What is being asked
Pictures aside, copy exactly each line from the one that holds "Ferienfinder's tweet photo." through the last line of the records below.

----- Exercise data

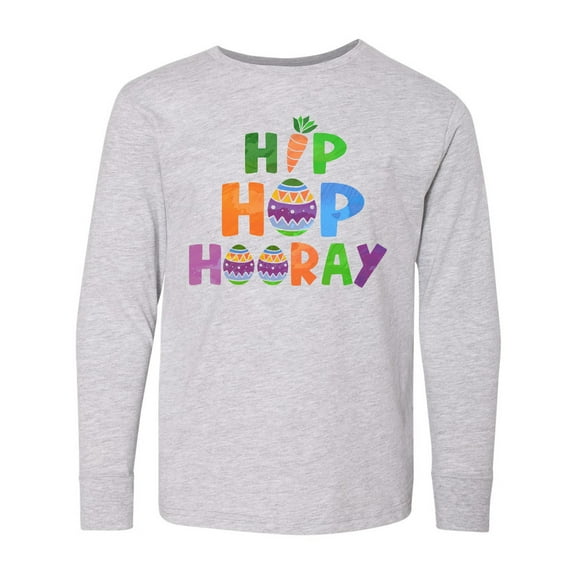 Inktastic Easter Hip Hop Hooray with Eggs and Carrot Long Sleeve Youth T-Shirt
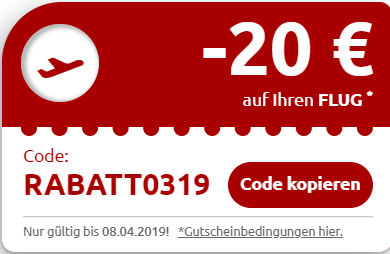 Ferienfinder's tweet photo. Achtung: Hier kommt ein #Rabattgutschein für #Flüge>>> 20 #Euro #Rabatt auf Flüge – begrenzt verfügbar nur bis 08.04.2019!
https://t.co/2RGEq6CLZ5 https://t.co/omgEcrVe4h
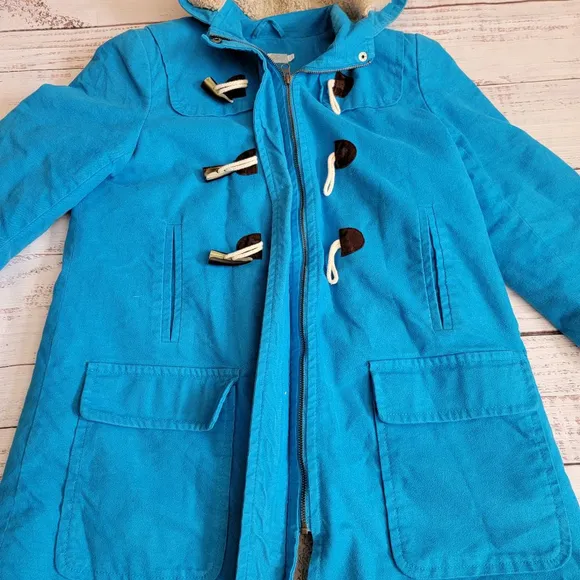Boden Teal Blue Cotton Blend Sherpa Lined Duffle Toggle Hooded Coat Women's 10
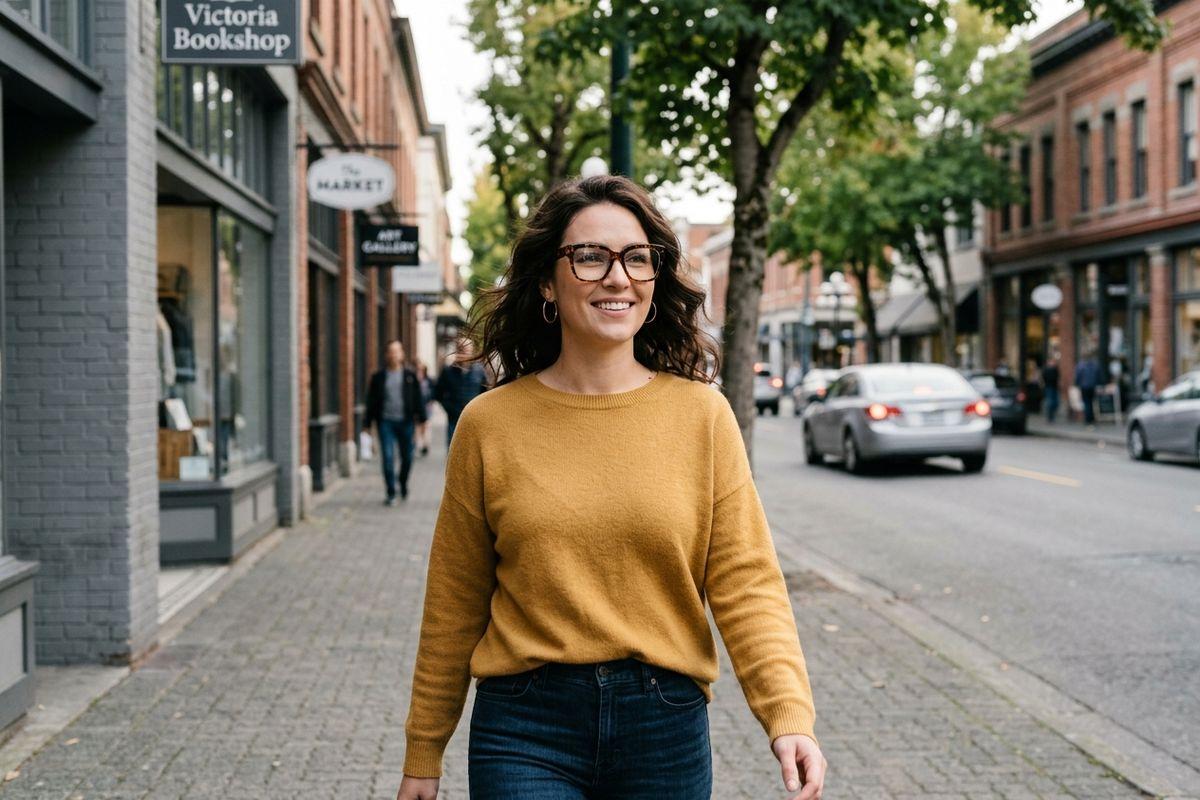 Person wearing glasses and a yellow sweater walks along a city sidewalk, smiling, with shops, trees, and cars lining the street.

----------

Exercise response
 Ferienfinder's tweet photo. Achtung: Hier kommt ein #Rabattgutschein für #Flüge>>> 20 #Euro #Rabatt auf Flüge – begrenzt verfügbar nur bis 08.04.2019!
https://t.co/2RGEq6CLZ5 https://t.co/omgEcrVe4h
Boden Teal Blue Cotton Blend Sherpa Lined Duffle Toggle Hooded Coat Women's 10
 Person wearing glasses and a yellow sweater walks along a city sidewalk, smiling, with shops, trees, and cars lining the street.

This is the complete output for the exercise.